Whether this is a sea captains’ version of all the comforts, Anne reassuring her husband or Anne’s actual thoughts we can only guess.
The following year Baron Charles von Hügel, an aristocratic Austrian botanist and traveler arrives at King George Sound after visiting the Swan River Colony. He visits the Spencer’s several times, enjoying their refined and educated company. He particularly notes the beauty and aristocratic nature of Lady Anne, now in her early forties. When the captain of his ship invites the Spencer’s to dine aboard, Charles makes his way up to Strawberry Hill expecting to escort Lady Anne at a leisurely pace down the hill, resting on benches along the way due to the warm weather.
Instead, he is greeted by Sir Richard inviting him to step into a rough wooden work cart pulled by a pair of mules. Two wooden chairs from the dining room are balanced on the boards for seats. The Baron declines so Lady Anne and Augusta take the seats while Sir Richard mounts a third mule, dressed in full regalia and medals ‘along with his Tricorn hat’. They proceed down the slope toward the township, Sir Richard proudly leading the procession, a servant leading the mule cart with its precarious cargo of ladies, Baron von Hugel with a bemused look on his aristocratic face and a gaggle of children bringing up the rear.
Anne we must remember is to the Manor born. She has generations of good breeding and refinement running through her veins and yet, for the love of her husband – this proud yet sensitive, wounded man – she sits aboard her strange carriage in the wilderness dressed in finery as though they are taking the air at London’s Hyde Park. She will not see him shamed, nor let circumstance dictate her demeanor. When the captain sounds the ship’s cannon in Richard’s honor, she is as proud of him as ever.
Increasingly Richard’s health declines and he pushes himself to establish land out toward Mount Barker where the grazing is more suitable for stock. Anne busies herself with what good works she can, pressing friends back in England to raise money to purchase materials to dress the Menang women and children– whose nakedness she finds perplexing. These friends are not your average assortment. Among them is Lady Byron (wife of poet Lord Byron), the Duchess of Kent (mother of the future Queen Victoria) and the Honorable Miss Wilbraham of Lancashire.
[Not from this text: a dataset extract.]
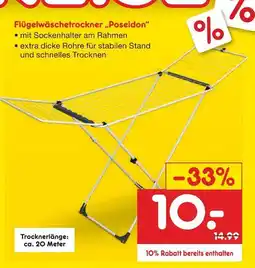 Netto Marken-Discount Flügelwäschetrockner poseidon Angebot
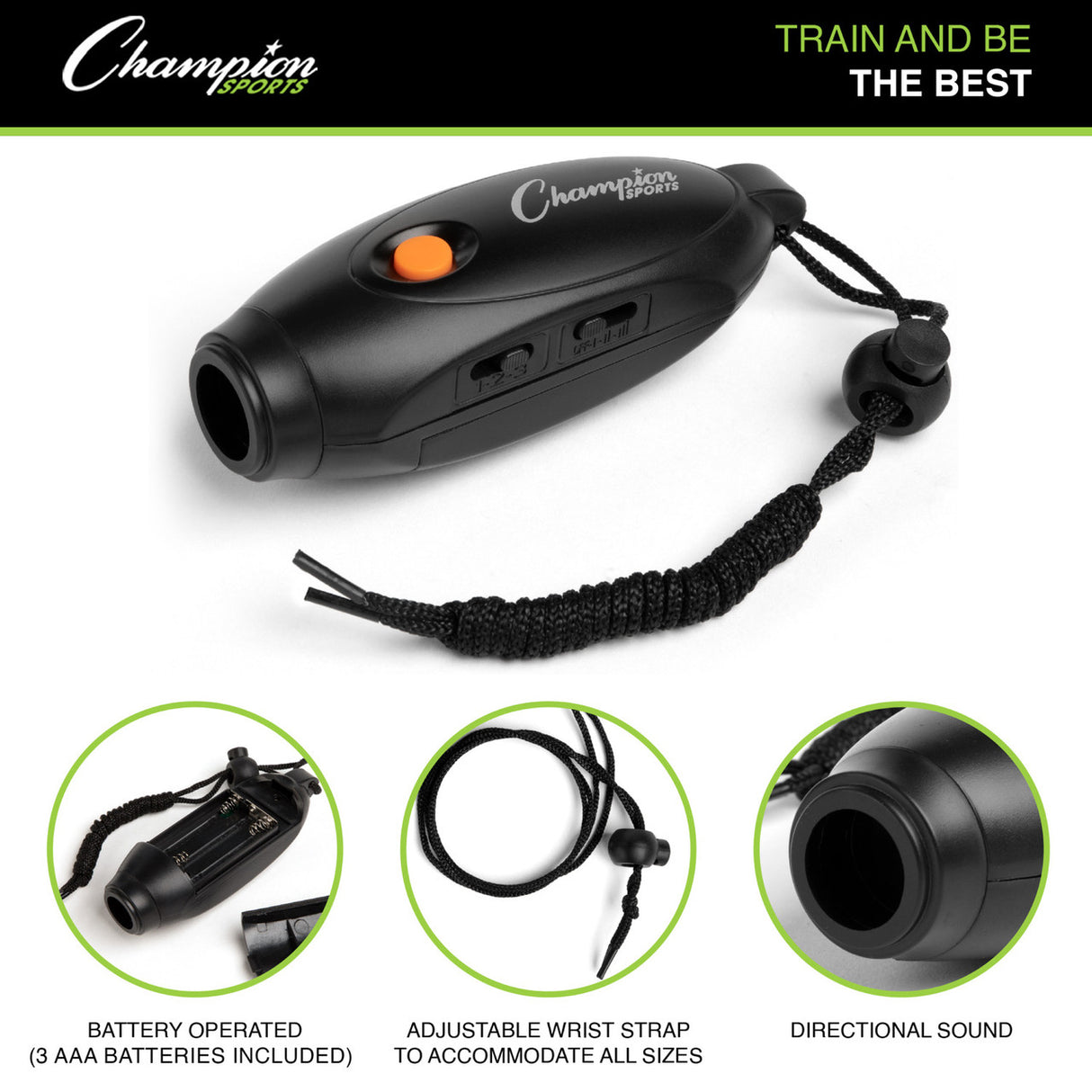 Champion Sports ELECTRONIC WHISTLE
The clothing, made up of 5 bales of red flannel outfits, arrived in June 1837 on the Hero and was allowed, by special dispensation, to enter the port free of duty.
A stone house is built in 1836 on the hill looking out toward the harbour entrance, its resemblance to their Georgian home in Lyme Regis obvious. At last Anne has her drawing room and a place for her fine things. The Spencer’s entertain as often as occasion merits. Visitors include passing dignitaries and some remarkable characters. Charles Darwin calls past on his circumnavigation with the irascible Captain Robert Fitzroy, neither man enamored of the small outpost nor its isolation, though admiring of Anne and the farm. Governor Stirling and his wife Ellen were regular visitors along with various clergymen, including notable Quaker the Rev James Backhouse from the Society of Friends who strolled the gardens with the Spencer’s in 1837 discussing the possibility of large-scale migration for members of the Society of Friends to Albany.
From April until August of 1837, Richard was again struck down by his debilitating illness. Though bed-bound he continued to conduct such official business as was necessary and Lady Anne continued to care for him, assisted by their daughters and servants. In May, with Richard installed downstairs, Mary Ann married Arthur Trimmer in the drawing room at Strawberry Hill. This was not the first marriage to be performed there but being family, one of the happiest. Anne, anxious for all her daughters to make good marriages, knew the options in this isolated outpost were severely limited.
In a letter to the editor in The Colonist in 1838 Sir Richard’s condition is clearly deteriorating. The author has visited King George Sound and proposes the town as a good opportunity for emigration from other colonies. No doubt he was entertained, as so many were, at Strawberry Hill. He goes on to write,
Sir Richard Spencer is an old man, upwards, I should think, of eighty years of age. He is beginning now to betray a good deal of the various infirmaries of age…. Lady Spencer is a lady in the highest sense of the term, whether we consider the dignity of her personal appearance, her manifest mental accomplishments, or the affability and courtesy of her manners. She is the mother of a large and handsome family and proves to Sir Richard a kind and assiduous wife.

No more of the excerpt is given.